Materials and Methods
The curated CPGs from thousands of literatures
To conduct a systematic CNV survey of CPGs, we downloaded 827 curated human CPGs (724 protein-coding, 23 non-coding and 80 unknown type genes (the type of gene is labelled as ‘unknown type’ in NCBI)) from dbCPG database2 in a plain text format with all gene ID and official symbol (http://bioinfo.ahu.edu.cn:8080/dbCPG/index.jsp). To intersect CPGs with CNVs, we first annotated these 827 CPGs with precise genomic locations. To achieve this we downloaded the corresponding genomic location data from the University of California Santa Cruz (UCSC) Table Browser (https://genome.ucsc.edu/index.html)8 and converted the RefSeq ID to gene official symbol by using the online tool BioMart26. Finally, an in-house shell script was implemented to extract the genomic coordinates of the 827 CPGs in GRCH38.
Classification of CNV based on the TCGA pan-cancer data
To collect the CNVs with precise gain or loss information, we downloaded the TCGA CNV data with the GRCH38 genomic coordinates from Catalogue of Somatic Mutations in Cancer database (COSMIC) (V74). When integrating TCGA CNV data, we adopted COSMIC criteria to define the copy number loss (CNL) and copy number gain (CNG). CNL was obtained using the following criteria: (the average genome ploidy < = 2.7 AND total DNA segment copy number = 0) OR (average genome ploidy > 2.7 AND total DNA segment copy number < (average genome ploidy −2.7)). Similarly, criteria for CNG were as follows: (the average genome ploidy < = 2.7 AND total DNA segment copy number > = 5) OR (average genome ploidy > 2.7 AND total DNA segment copy number > = 9). We then intersected all the CNV regions with CPGs with BEDTools27. By overlapping all the CNG and CNL information to all the 827 CPGs with GRCH38 coordinates, we obtained 729 CPGs with precise gain or loss information. To provide cross-validation, we calculated the number of samples with CNG or CNL regardless of cancer type. Based on previous work by Rahman1 and our analysis, the majority of CPGs act as tumor suppressors with mutations that cause loss-of-function in cancer progression. Consequently, we collected those CPGs with more CNLs than CNGs. Specifically, a cut-off of 2 was set to collect those CPGs having at least twice of tumor samples with CNLs as tumor samples with CNGs. As a result, we obtained 128 CPGs with more CNLs than CNGs for the following integrative gene expression analysis.

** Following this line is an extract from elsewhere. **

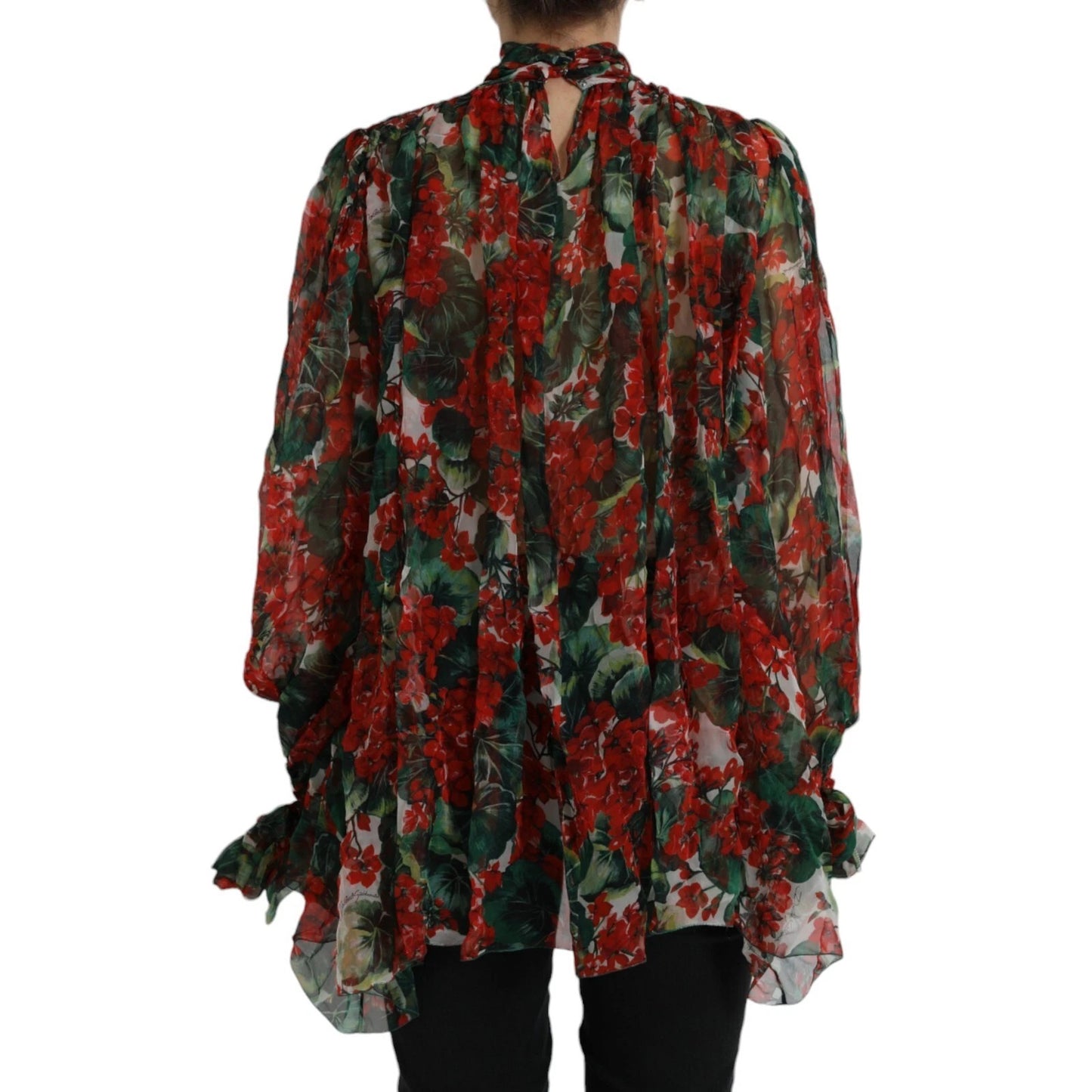 Dolce &amp; Gabbana Multicolor Floral Silk Collar Blouse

Furthermore, to reveal the biological process and cellular function of those 128 CPGs with frequent CNLs, we performed the Gene Ontology (GO) enrichment analysis by using DAVID10. A web server, REVIGO11, was utilized to summarize long lists of GO terms by finding a representative subset of the terms using a clustering algorithm that was based on semantic similarity measures.
Gene expression analysis for CPGs with CNLs
To investigate the gene expression changes caused by CNV for CPGs, we downloaded the TCGA gene expression data from the COSMIC database (V74). In this study, we focused only on those gene expression changes in matched TCGA samples with CPG CNLs. The RSEM quantification results from the RNAseq V2 platforms in COSMIC were used to indicate the accurate transcript quantification of RNA-Seq data. The average and sample standard deviation of gene expression values were calculated based on those tumor samples that were diploid for each corresponding gene.
The standard Z-score was used to characterize whether a CPG is over or under expressed. A threshold of Z-score with absolute value 2 was used. The Z-score over 2 was defined as the increased gene expression while the Z-score less than −2 represented under expression. For those 49 CPGs with concordance between CNLs and down-regulation, we further systematically analyzed their CNV patterns in pan-cancer of TCGA samples using cBioPortal14. Furthermore, to assess the function of 49 CPGs with CNL-associated gene expression change, we also explored the functional enrichment analysis using DAVID10 with adjusted P-value less than 0.05 (Supplementary Table S6).
Sub-network extraction for the CPGs with concordance between CNLs and down-regulation
To investigate the interaction features of those CPGs with frequent CNLs and consistent gene down-regulation, we extracted a sub-network to connect 49 CPGs with the rest human genes. First, we constructed the protein-protein interaction (PPI) network derived from the Pathway Commons database16, which contained 3,629 proteins and 36,034 PPIs. It is worth noting that this integrated human interaction data is based on well-curated pathway database (HumanCyc, Reactome, and KEGG pathway database28). Thus, the interactions we used have biological meaning rather than physical interactions. Based on these pathway-based interactions, we used Klein-Ravi algorithm in GeneRev17 to extract the sub-network related to 49 CPGs. In this sub-network extraction strategy, all of the 49 CPGs were used as seed genes to map onto the pathway-based interactions. A sub-network with as many seed CPGs as possible was formed by connecting the involved CPGs through their shortest paths. Finally, we used Cytoscape (V2.8.0) to visualize the sub-network29. To understand the characteristic of the sub-network, we also calculated two network topological properties (degree and the shortest path) using the NetworkAnalyzer plugin in Cytoscape (V2.8.0).
Additional Information
How to cite this article: Wei, R. et al. Concordance between somatic copy number loss and down-regulated expression: A pan-cancer study of cancer predisposition genes. Sci. Rep. 6, 37358; doi: 10.1038/srep37358 (2016).
Publisher's note: Springer Nature remains neutral with regard to jurisdictional claims in published maps and institutional affiliations.
References
Rahman, N. Realizing the promise of cancer predisposition genes. Nature 505, 302–308 (2014).
Wei, R. et al. dbCPG: A web resource for cancer predisposition genes. Oncotarget 7, 37803–37811 (2016).
Knudson, A. G. Mutation and cancer: statistical study of retinoblastoma. Proc Natl Acad Sci USA 68, 820–823 (1971).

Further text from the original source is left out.